Omit the pictures. Transcribe exactly the lines below, from the one with "Mini borsa a" up to and including the last.

Dataset entries Block Start

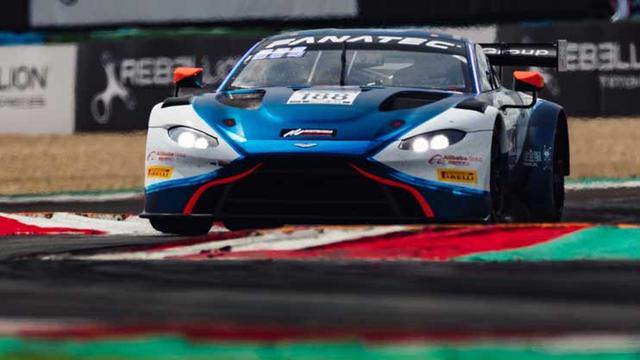 Aston Martin Vantage AMR GT3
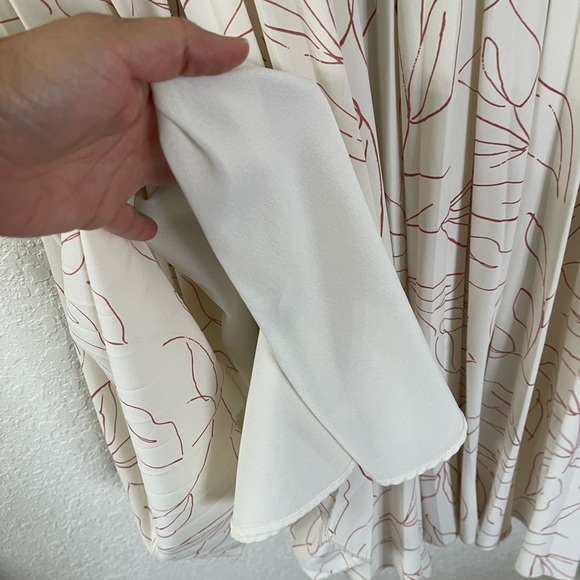 En Saison Floral Maxi Dress - Picture 10 of 11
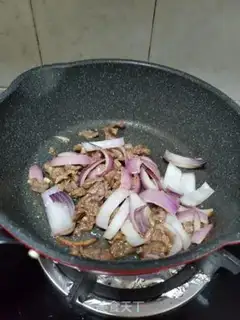 Make Sweet bean onion fried beef step 6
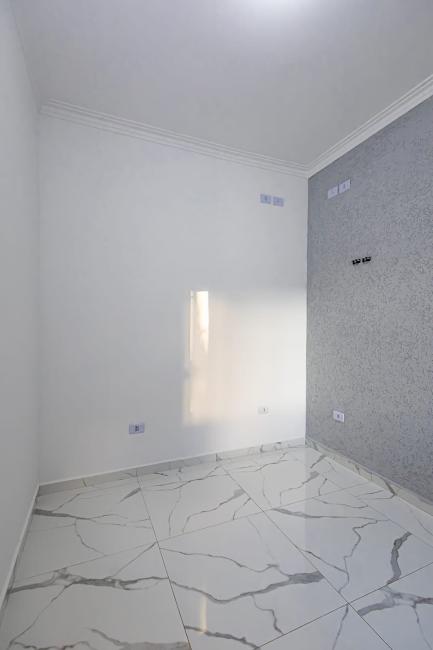 Casa à venda em Pinheirinho, Curitiba — Hub Urbana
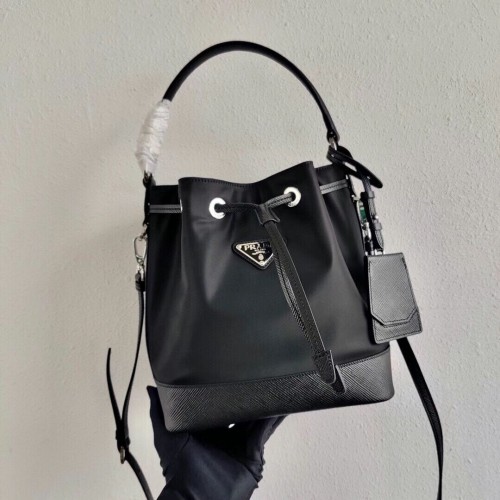 Mini borsa a spalla Prada in pelle Saffiano 1AE055 nera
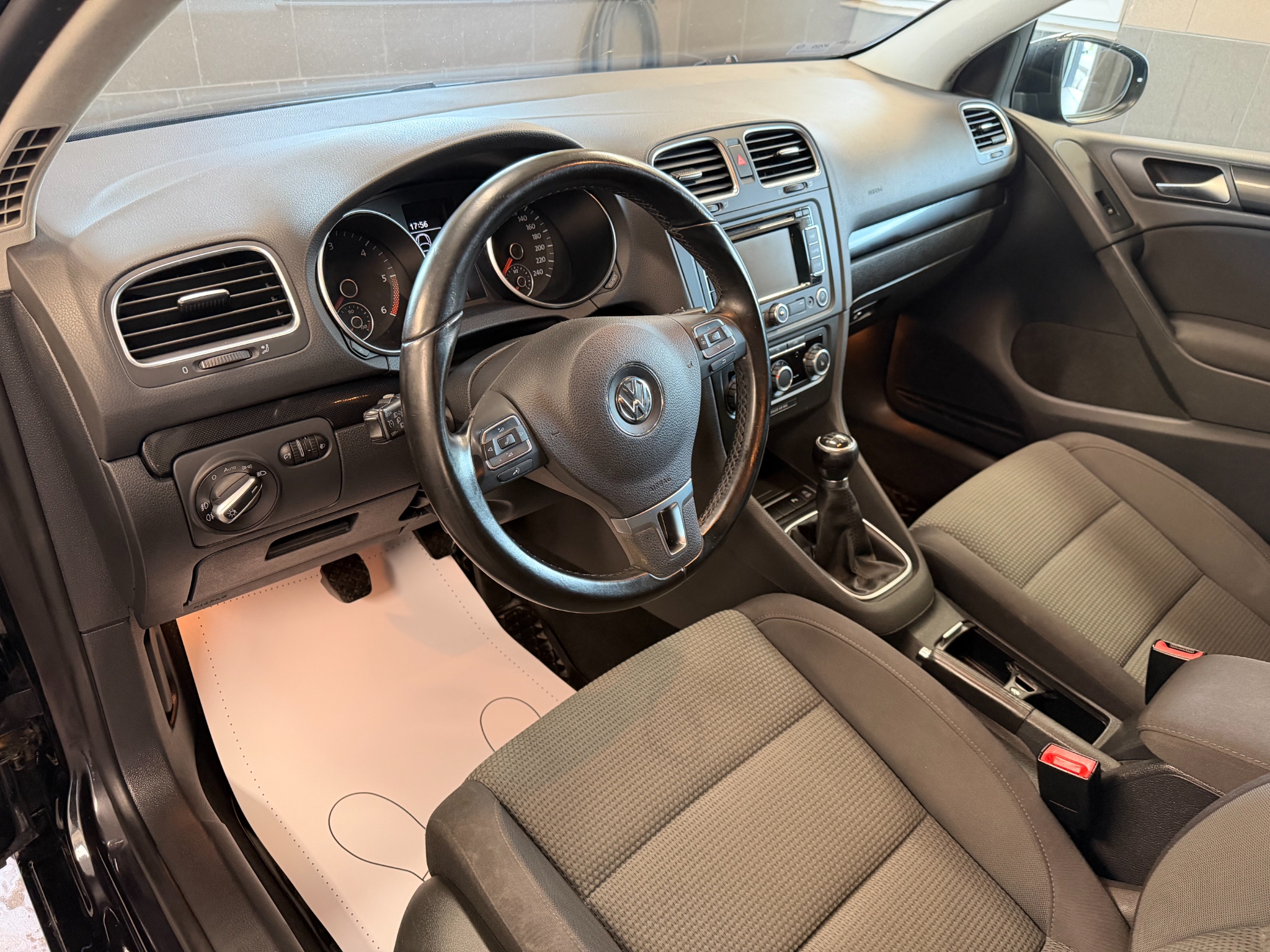 Volkswagen Golf 2011, bild 7/37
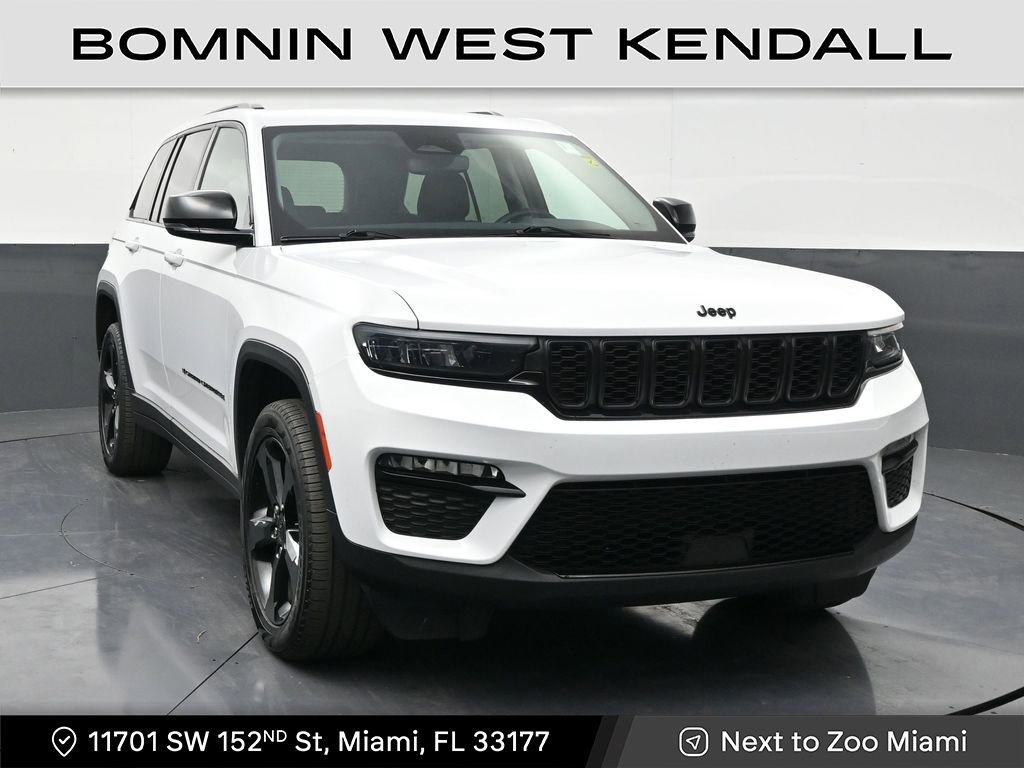 Used 2024 Jeep Grand Cherokee Limited w/ Black Appearance Package image 7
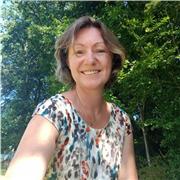 Je suis enseignante spécialisée dans la difficulté scolaire et coach pour ados, j'enseigne la méthodologie des apprentissages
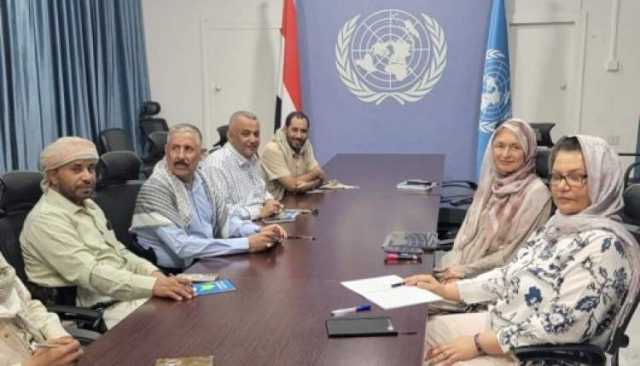 الفريق الوطني يطالب الأمم المتحدة بزيارة سجون “طارق عفاش” وكشف جرائمه بحق المدنيين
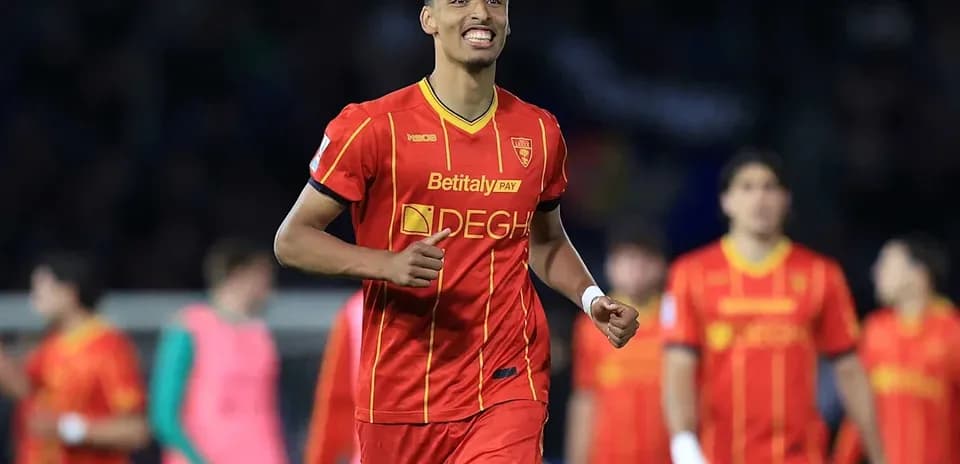 Jugador celebrando un gol con camiseta roja y amarilla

Dataset entries Block End

# Result of this task
 Mini borsa a spalla Prada in pelle Saffiano 1AE055 nera
 Volkswagen Golf 2011, bild 7/37
 Used 2024 Jeep Grand Cherokee Limited w/ Black Appearance Package image 7
 Je suis enseignante spécialisée dans la difficulté scolaire et coach pour ados, j'enseigne la méthodologie des apprentissages
 الفريق الوطني يطالب الأمم المتحدة بزيارة سجون “طارق عفاش” وكشف جرائمه بحق المدنيين
 Jugador celebrando un gol con camiseta roja y amarilla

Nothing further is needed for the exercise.